L'accumulation des savoirs cognitifs favorise les rencontres et surtout les comparaisons entre individus, ce qui contribue à l'image de l'ego. Il s'agit d'une connaissance partagée mais la compréhension de soi reste bannie dès lors que la connaissance devient le seul enjeu.
Dans l'exploration spirituelle, il n'y a aucun palier identifiable, aucun diplôme, aucune étape commune. Et par conséquent aucune comparaison possible.
"Ah, je suis plus éveillé que toi ! "
Absurdité totale qui confère à son propriétaire la nécessité de retourner au premier lampadaire...Il n' a rien compris. D'un point de vue spirituel.
Je vis finalement la même chose lorsque j'écris.
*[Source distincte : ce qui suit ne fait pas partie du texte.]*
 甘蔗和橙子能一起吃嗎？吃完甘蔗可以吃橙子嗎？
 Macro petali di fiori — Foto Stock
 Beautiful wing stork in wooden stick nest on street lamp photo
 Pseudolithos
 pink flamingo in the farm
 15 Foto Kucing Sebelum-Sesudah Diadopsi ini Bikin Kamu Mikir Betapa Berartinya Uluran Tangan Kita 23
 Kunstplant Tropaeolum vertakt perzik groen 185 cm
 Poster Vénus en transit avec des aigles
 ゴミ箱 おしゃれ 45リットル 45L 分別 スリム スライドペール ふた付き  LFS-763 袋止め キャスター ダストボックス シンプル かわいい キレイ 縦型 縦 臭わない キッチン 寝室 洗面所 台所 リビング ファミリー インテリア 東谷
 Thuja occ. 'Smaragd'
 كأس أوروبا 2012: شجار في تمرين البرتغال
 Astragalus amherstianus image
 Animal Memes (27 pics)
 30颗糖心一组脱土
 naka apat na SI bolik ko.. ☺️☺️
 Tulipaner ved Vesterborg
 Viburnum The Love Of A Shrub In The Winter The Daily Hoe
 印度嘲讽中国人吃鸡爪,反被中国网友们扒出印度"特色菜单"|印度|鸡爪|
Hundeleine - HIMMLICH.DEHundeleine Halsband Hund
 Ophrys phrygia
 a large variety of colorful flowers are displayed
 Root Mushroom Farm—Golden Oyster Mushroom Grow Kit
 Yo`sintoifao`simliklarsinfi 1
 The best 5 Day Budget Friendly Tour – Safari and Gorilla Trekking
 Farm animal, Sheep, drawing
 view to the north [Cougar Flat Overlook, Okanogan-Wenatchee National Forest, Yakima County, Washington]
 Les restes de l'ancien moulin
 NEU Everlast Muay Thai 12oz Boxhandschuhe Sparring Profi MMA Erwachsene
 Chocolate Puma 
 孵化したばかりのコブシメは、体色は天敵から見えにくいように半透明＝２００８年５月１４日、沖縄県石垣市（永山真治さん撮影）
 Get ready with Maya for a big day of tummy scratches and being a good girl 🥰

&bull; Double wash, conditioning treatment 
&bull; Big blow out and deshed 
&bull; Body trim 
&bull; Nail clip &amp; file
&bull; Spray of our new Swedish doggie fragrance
Depuis bien longtemps, je n'ai lu un roman. Aucun bonheur à le faire. Il ne s'agit pas d'un rejet critique ou d'une prétention absurde mais bien la nécessité d'avancer sur mon chemin, sans croire que je pourrai user des énergies déployées par d'autres. Si je cherchais à m'attribuer la lumière d'un autre pour parvenir à avancer, je ne ferai que m'égarer, je ne marquerai pas mon propre chemin, je marcherai dans des traces déjà inscrites. Je provoquerai moi-même l'égarement et je me plaindrai immanquablement un jour de ce manque de soutien, de cette absence de solidarité qui me condamne à errer dans les noirceurs.
J'écris avec une bougie à la main. Les ombres sont chancelantes, instables, le moindre souffle fait vaciller la flamme, mais je sais que derrière moi, les refuges sont ancrés, je sais où je peux me reposer et attendre l'épuisement des tempêtes. J'ai appris la patience. Vingt ans que j'écris. Chose surprenante, la cire de la bougie diminue au fil du temps, les années ruissellent, mais la lumière s'amplifie, insensiblement. Il m'arrive parfois de me projeter vers ce jour où la mèche de la bougie trempera dans un calice infime de cire et j'imagine la clarté. Se consumer pour rayonner au plus loin des horizons offerts.